Some things we learn about the people of India from Outsourced:

They have funny names like “Manmeet.”

Their food, mostly “yellow and green stuff,” is weird, bad for digestion, and completely foreign to anyone from Kansas City.

They don’t understand the simplest of jokes, like the hilarity inherent in a fake mounted deer head that sings “Sweet Home Alabama.”

In its series premiere, airing 23 September, Outsourced never rises above this level of discourse. It’s not a satire of current corporate practices. Neither does it have much to say about the politics of outsourcing jobs to India or other sites of “cheap labor.” The show goes to great lengths to explain that its protagonist, American Todd Dempsy (Ben Rappaport), has no role in his company’s decision to send jobs abroad. And he can’t quit in protest, since he has too much debt in student loans to do so. His conscience is squeaky clean. You can go on thinking he’s cute and guiltless.

As the series begins, Todd, fresh out of a management training program, has transferred to India to set up a new call center there for Mid America Novelties. He’s been told that his employees are “B-team.” They didn’t study in the U.S. They don’t know American customs and can’t speak with American accents. Todd is tasked with turning the rag-tag bunch into up-selling machines. This is the central duality of the show: half fish-out-of-water tale about Todd, half underdogs-come-from-behind-to-triumph story about his staff.

The problem is that neither plot has a sound foundation. For the first, it’s hard to identify with Todd because he’s not very likable. When he sees the traffic in Mumbai and calls it “insane, like ‘Frogger’ but with real people,” Todd seems not only dim but also insensitive, at best. (Has he really never seen bad traffic before? Does he seriously not consider the callousness of comparing people to the digital pixels in “Frogger?”) Because we have seen traffic before, it is easy to feel more sophisticated than Todd, and even the thought of investing an entire season waiting for him to catch up is exhausting.

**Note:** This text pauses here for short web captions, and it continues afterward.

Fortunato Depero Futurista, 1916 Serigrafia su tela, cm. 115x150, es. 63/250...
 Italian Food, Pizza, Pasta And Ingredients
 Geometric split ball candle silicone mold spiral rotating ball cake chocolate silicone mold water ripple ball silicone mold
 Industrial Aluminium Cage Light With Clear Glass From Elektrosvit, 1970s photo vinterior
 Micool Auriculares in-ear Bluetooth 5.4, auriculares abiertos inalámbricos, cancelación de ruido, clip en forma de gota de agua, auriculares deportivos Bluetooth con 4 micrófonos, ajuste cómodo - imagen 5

It is equally not charming when Todd, puzzled as to why his staff doesn’t know what a Wisconsin cheese-head is, immediately compares the novelty hat to a Sikh’s turban, pointing out that both cultures have “strange” headgear. He manages to be surprised about his staff’s lack of knowledge in a way that makes him look like the dumb one.

That dumbness only seems exacerbated when the first episode hints at a love triangle (since every sitcom requires one). Two beautiful women catch Todd’s eye: Indian Asha (Rebecca Hazlewood), who works in his call center, and Australian Tonya (Pippa Black), who oversees another call center in the same building. One supposes that these two will be pitted against each other, the familiar versus the exotic. (This ignores many cultural differences between the United States and Australia. What matters is that Tonya is blond, right? That makes her practically American.) One hopes that both women will recognize that Todd is no prize.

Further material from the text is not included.